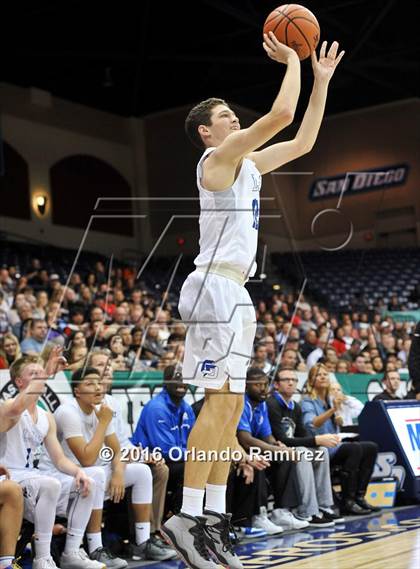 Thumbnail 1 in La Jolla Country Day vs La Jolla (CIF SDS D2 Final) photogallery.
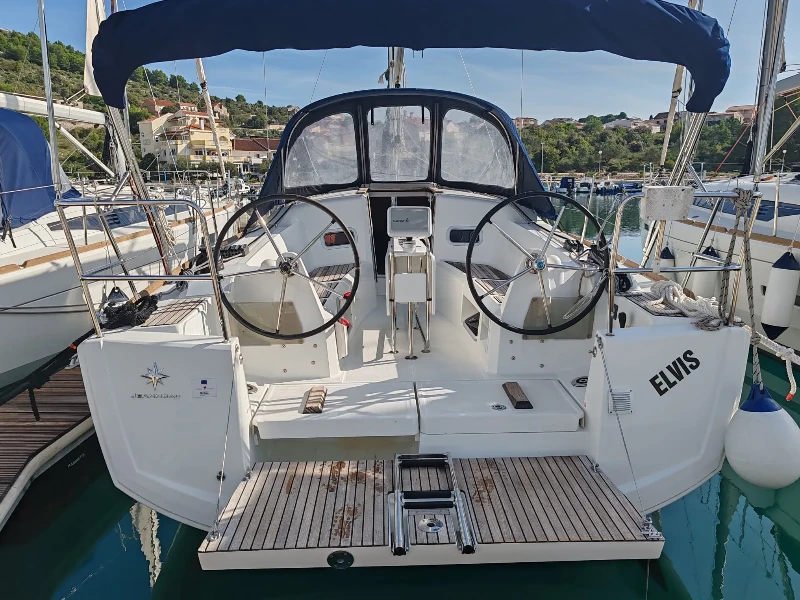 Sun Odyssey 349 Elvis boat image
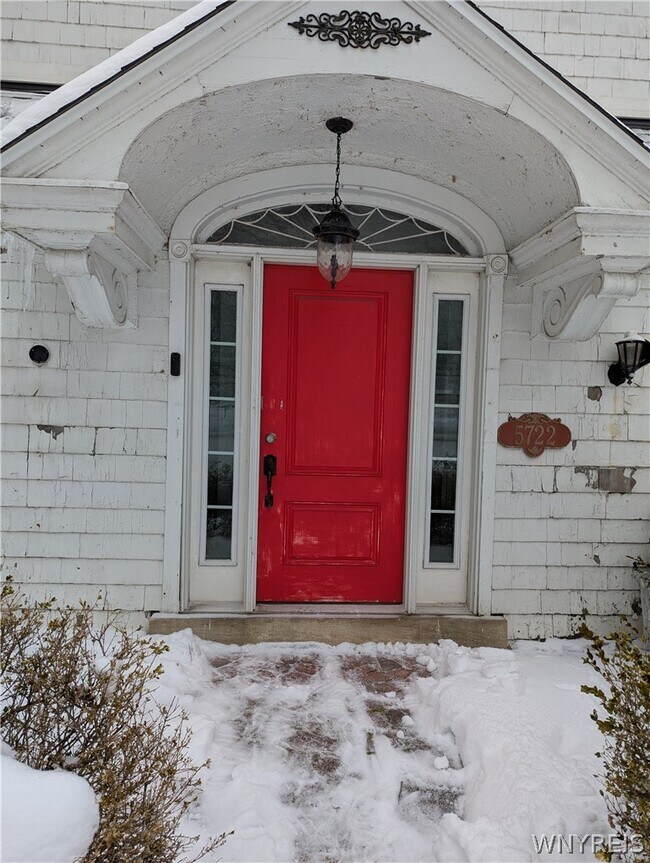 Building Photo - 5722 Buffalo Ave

---

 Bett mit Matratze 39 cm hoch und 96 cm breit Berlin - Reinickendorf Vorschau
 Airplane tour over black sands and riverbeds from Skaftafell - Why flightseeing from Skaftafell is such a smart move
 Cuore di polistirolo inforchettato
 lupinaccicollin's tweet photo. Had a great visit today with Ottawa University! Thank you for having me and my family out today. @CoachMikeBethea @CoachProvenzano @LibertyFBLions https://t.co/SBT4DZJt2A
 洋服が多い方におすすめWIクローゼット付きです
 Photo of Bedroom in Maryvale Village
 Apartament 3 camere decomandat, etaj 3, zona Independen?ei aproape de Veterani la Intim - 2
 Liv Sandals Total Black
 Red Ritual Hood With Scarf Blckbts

---

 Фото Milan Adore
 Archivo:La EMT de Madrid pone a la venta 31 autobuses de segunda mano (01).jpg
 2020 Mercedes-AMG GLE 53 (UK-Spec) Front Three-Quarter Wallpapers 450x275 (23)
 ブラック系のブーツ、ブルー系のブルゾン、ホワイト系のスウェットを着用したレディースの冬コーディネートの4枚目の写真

**TASK DETAILS:**
Write down again, exactly as given, only the lines above that fall from the line with "Cuore di polistirolo inforchettato" to the line with "Photo of Bedroom in Maryvale Village", inclusive.

**ANSWER BELOW:**
 Cuore di polistirolo inforchettato
 lupinaccicollin's tweet photo. Had a great visit today with Ottawa University! Thank you for having me and my family out today. @CoachMikeBethea @CoachProvenzano @LibertyFBLions https://t.co/SBT4DZJt2A
 洋服が多い方におすすめWIクローゼット付きです
 Photo of Bedroom in Maryvale Village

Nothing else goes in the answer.